Use Flatten() before the Dense Layers.
I have a similar problem to Keras replacing input layer, however I need to remove also the next layer, and that will require different input shape.
Here is a simplification of what I'm trying to do:
a = Input(shape=(64,))
b = Dense(32)(a)
c = Dense(16)(b)
d = Dense(8)(c)
model = Model(inputs=a, outputs=d)
print(model.summary())
print('input shape = ' + str(model.input_shape))
model.layers.pop(0)
model.layers.pop(0)
print(model.summary())
print('input shape = ' + str(model.input_shape))
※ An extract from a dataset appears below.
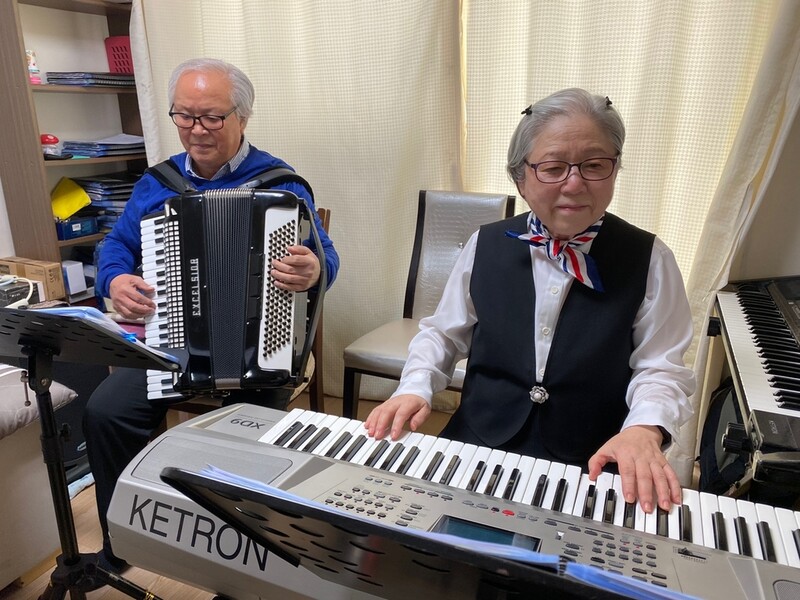 [#나눔동행] 80대 노부부가 전하는 사랑의 합주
new_input = Input(shape=(32,))
new_output = model(new_input)
new_model = Model(new_input, new_output)
print(new_model.summary())
But the input shape of the model remains the same:
Layer (type) Output Shape Param #
=================================================================
input_1 (InputLayer) (None, 64) 0
_________________________________________________________________
dense_1 (Dense) (None, 32) 2080
_________________________________________________________________
dense_2 (Dense) (None, 16) 528
_________________________________________________________________
dense_3 (Dense) (None, 8) 136
=================================================================
Total params: 2,744
Trainable params: 2,744
Non-trainable params: 0
_________________________________________________________________
None
input shape = (None, 64)
_________________________________________________________________
Layer (type) Output Shape Param #
=================================================================
dense_2 (Dense) (None, 16) 528
_________________________________________________________________
dense_3 (Dense) (None, 8) 136
=================================================================
Total params: 664
Trainable params: 664
Non-trainable params: 0
_________________________________________________________________
None
input shape = (None, 64)
And that prevents me from creating new model, so the code above fails with:
ValueError: Dimensions must be equal, but are 32 and 64 for 'model_1/dense_1/MatMul' (op: 'MatMul') with input shapes: [?,32], [64,32].
Any ideas how to do that?
It might not be possible to do in the way that you describe. The accepted answer on this post explains it a little.
how-to-change-input-shape-in-sequential-model-in-keras?
Their solution was to rebuild the layer with the correct input shape, then load the pre-trained weights for that specific layer.